Flailing Upwards, Part… I Have Stoped Counting
“I have never had it easy,” I said to my therapist, who I’ll call Joan. “I try to remember that not everyone was meant to, but I’m having a hard time not getting hung up on who I could be if only…”
If only I were born into a supportive family (and preferably wealthy and generous.) If only I looked more “black” so that my identity didn’t feel constantly suspended on a the edge. If only I had fought against the overwhelming tide of non-support, and gotten myself properly educated anyway.
My friend Emily and I started our friendship twenty years ago, and I was the one doling out sage sixteen year old advice, but now we are older and she’s a licensed therapist, so the tides have turned a bit. A few months ago, she absolutely destroyed me by saying, “But if all those things were true – wealthy family, etc. – you would not be here.”
And I’m actually glad I’m here. Most days. Usually, I wish I were there. But, as Joan says, “I promise you’re still young, and there’s a lot of time to get there.”
The problem is that it feels like everyone else has gotten there much younger. There, of course, being the dream career I want. My career is good. Great. I’m proud. But I wish it were more… robust. The clients I have I completely adore, but I’m not getting as many of them as I’d like. So it’s like, half of my wildest dreams.
That’s good, right?
I became owner of this online publication.
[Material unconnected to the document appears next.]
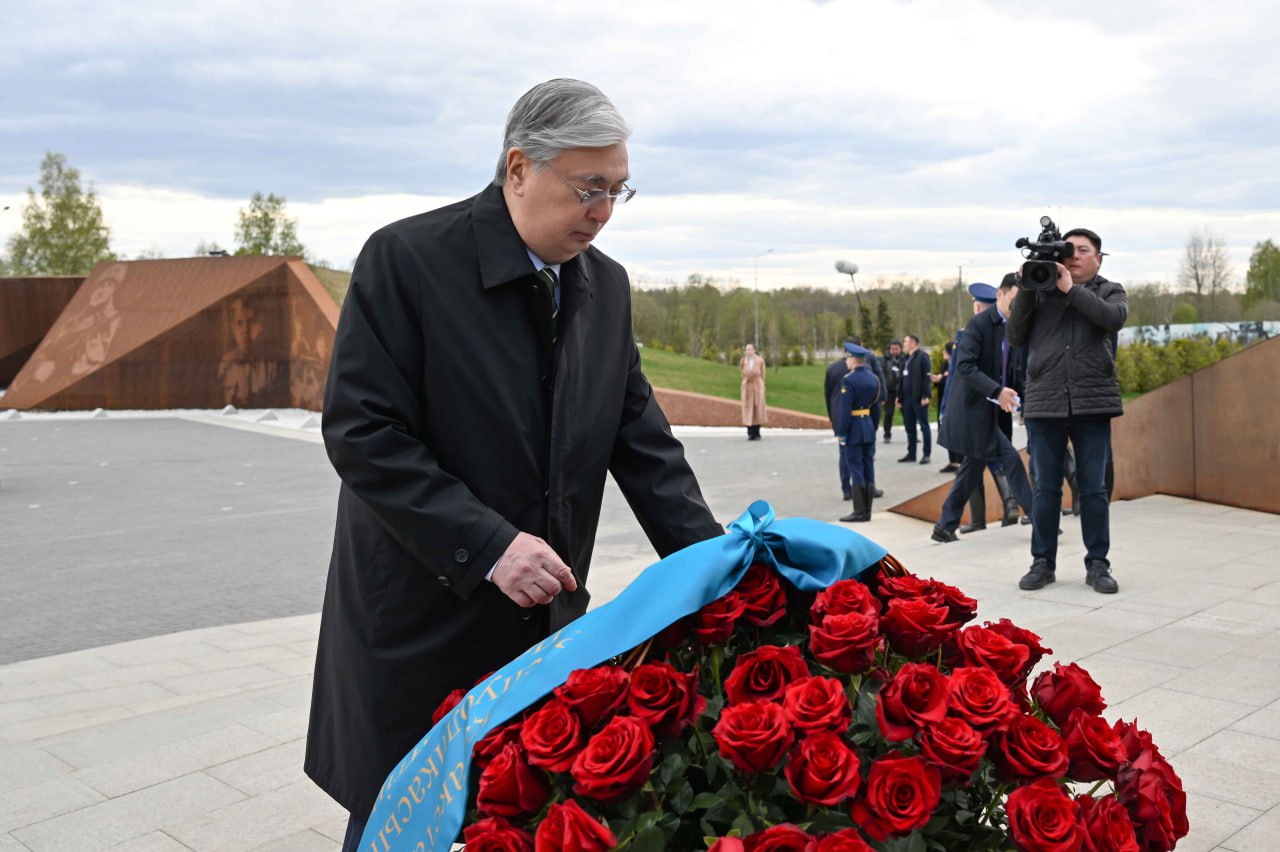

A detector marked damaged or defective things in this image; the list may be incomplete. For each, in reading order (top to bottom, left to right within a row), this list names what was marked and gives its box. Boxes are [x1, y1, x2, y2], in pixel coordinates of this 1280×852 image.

rusted metal panel [0, 275, 83, 383]
rusted metal panel [1, 255, 340, 409]
rusted metal panel [1187, 337, 1280, 511]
It happened almost by accident; I started working with them just over a year ago, and two of the founders stepped away to pursue other things, leaving me and one one last founder to it. I love it, and dream of it being a force for good in a wedding industry that says the only beautiful bride is one that is thin, and straight, and white.
It’s a little overwhelming learning the ropes. To this end, I’ve changed things in my own business so that it can run more efficiently, by turning to software that will help me manage contracts and invoices instead of doing everything by hand.
The work is almost breathless, but for the first time every, I feel privileged.